**Information shown**
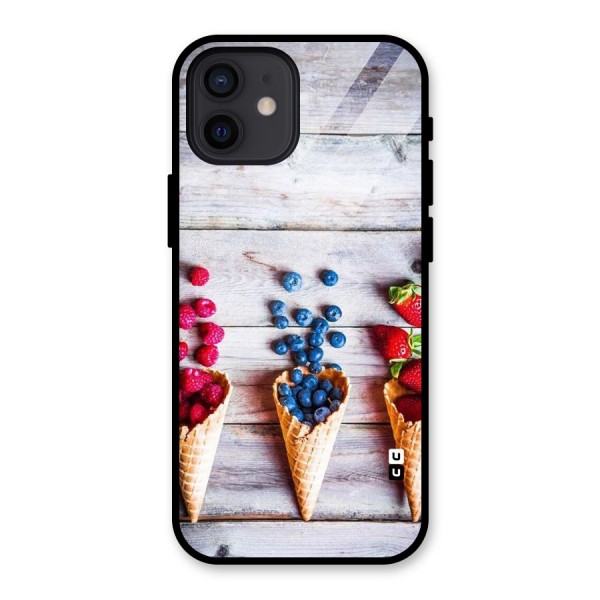 Cone Fruits Design Glass Back Case for iPhone 12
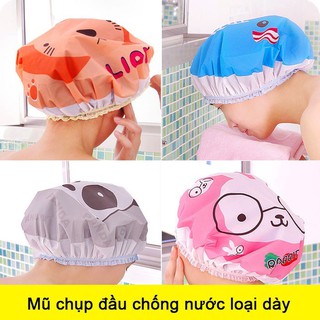 Mũ Nón Chụp Trùm Đầu chống thấm Ướt Tóc khi Tắm dùng Được phổ thông Lần ! masha2019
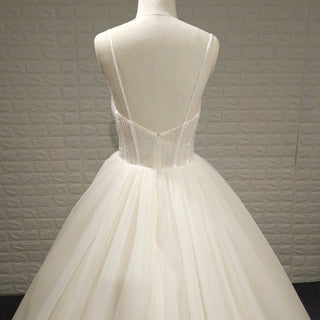 Classic Smart Square Neck Elegant A Line Wedding Dress with Spaghetti Straps - Rosymae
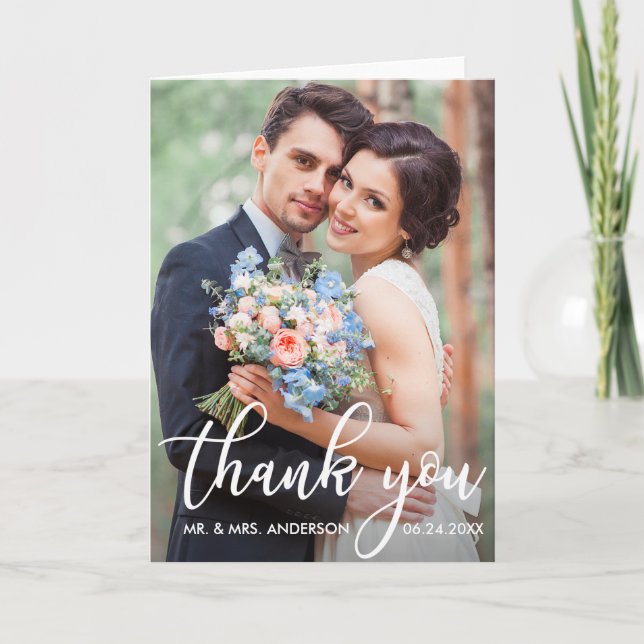 Modern Wedding Thank You Bride Groom Photo Fold (Front)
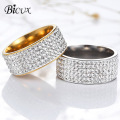 BICUX Fashion Titanium Stainless Steel 5 Row Lines Crystal Gold Zircon Ring for Women Men Female Teen Jewelry Wedding Rings Gift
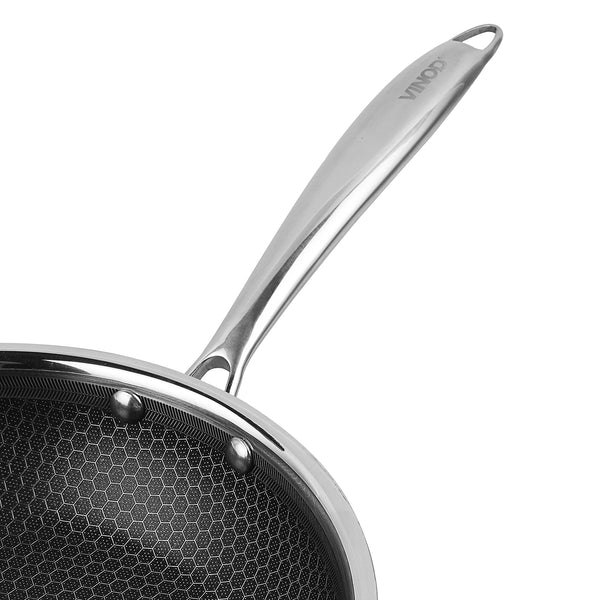 Vinod Platinum Triply Stainless Steel X Fry Pan 20 cm (Induction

**Work order**
Everything from the line with "Modern Wedding Thank" through the end of the listing above, both ends included, should be set down exactly; copy nothing else, and skip the pictures.

**Task solution**
 Modern Wedding Thank You Bride Groom Photo Fold (Front)
 BICUX Fashion Titanium Stainless Steel 5 Row Lines Crystal Gold Zircon Ring for Women Men Female Teen Jewelry Wedding Rings Gift
 Vinod Platinum Triply Stainless Steel X Fry Pan 20 cm (Induction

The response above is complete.